As shown above this requires a number of different steps and complex operations on our dataset. The code that implements this is shown below. It has been setup to operate both within the notebook and the interactive dashboard environment. This function outputs a table containing the summary information for the given region. It takes a single input index representing the NUTS1 region to be analysed.

#Function to calculate a summary of the chemical data in a selected region. 
def calc_chem_summary(index):

    #Check for empty index if no selection yet made.
    if not index:
        out_col_list = ['Pollutant', 'Min Concentration', 'Max Concentration', 'Mean Concentration',
                        'Number of Sites', 'Measurement Category', 'Unit', 'Measurement Source',
                        'Sample Type', 'Date of first measurement', 'Date of last measurement']
        return hv.Table(pd.DataFrame(columns=out_col_list)).opts(width=1200, height=400)

    #If we have an index pick the geometry for filtering.
    selected_poly = NUTS_gdf.geometry.iloc[index[0]]

    # Filter sites in a specific polygon - this will be picked up using the index from the selector.
    Sites_in_poly = Sites_info_gdf['Site_ID'].loc[Sites_info_gdf.geometry.within(selected_poly)]

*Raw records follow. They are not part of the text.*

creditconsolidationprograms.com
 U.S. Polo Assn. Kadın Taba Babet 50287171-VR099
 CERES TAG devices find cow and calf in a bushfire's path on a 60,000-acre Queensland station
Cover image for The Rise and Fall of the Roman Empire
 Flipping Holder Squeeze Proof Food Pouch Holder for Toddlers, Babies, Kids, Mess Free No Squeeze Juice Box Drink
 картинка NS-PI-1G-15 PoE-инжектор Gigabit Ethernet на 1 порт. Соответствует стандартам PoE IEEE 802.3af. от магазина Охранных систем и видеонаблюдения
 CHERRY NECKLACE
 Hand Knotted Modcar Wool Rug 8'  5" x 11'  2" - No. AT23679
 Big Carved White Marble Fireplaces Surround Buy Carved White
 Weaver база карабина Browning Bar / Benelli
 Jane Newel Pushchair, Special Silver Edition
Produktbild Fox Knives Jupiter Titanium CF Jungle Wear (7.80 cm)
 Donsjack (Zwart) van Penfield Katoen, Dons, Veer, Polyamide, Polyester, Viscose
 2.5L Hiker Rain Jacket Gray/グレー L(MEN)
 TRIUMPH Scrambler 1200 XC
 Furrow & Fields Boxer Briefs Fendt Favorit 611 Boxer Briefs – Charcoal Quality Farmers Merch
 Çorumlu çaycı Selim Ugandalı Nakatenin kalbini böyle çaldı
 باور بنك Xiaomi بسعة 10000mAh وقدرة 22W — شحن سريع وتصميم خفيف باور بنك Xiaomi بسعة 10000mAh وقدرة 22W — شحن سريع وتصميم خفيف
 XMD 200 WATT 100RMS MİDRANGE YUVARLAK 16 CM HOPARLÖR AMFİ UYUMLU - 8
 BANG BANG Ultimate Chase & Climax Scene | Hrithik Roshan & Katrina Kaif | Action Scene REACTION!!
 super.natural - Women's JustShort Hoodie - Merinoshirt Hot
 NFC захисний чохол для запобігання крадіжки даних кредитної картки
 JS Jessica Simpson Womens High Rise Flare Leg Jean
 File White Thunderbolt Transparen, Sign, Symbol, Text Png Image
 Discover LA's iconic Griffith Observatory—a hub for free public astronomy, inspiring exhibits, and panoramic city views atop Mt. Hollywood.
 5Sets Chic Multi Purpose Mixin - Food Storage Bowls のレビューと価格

    #If no chemicals for given site pass back empty table.
    if Sites_in_poly.shape[0] == 0:
        out_col_list = ['Pollutant', 'Min Concentration', 'Max Concentration', 'Mean Concentration',
                        'Number of Sites', 'Measurement Category', 'Unit', 'Measurement Source',
                        'Sample Type', 'Date of first measurement', 'Date of last measurement']
        return hv.Table(pd.DataFrame(columns=out_col_list)).opts(width=1200, height=400)
    else:

        # Get the data.
        curr_rgn_data = all_data.filter((pl.col('Site_ID').is_in(Sites_in_poly) == True) & (pl.col('Concentration') > 0.0))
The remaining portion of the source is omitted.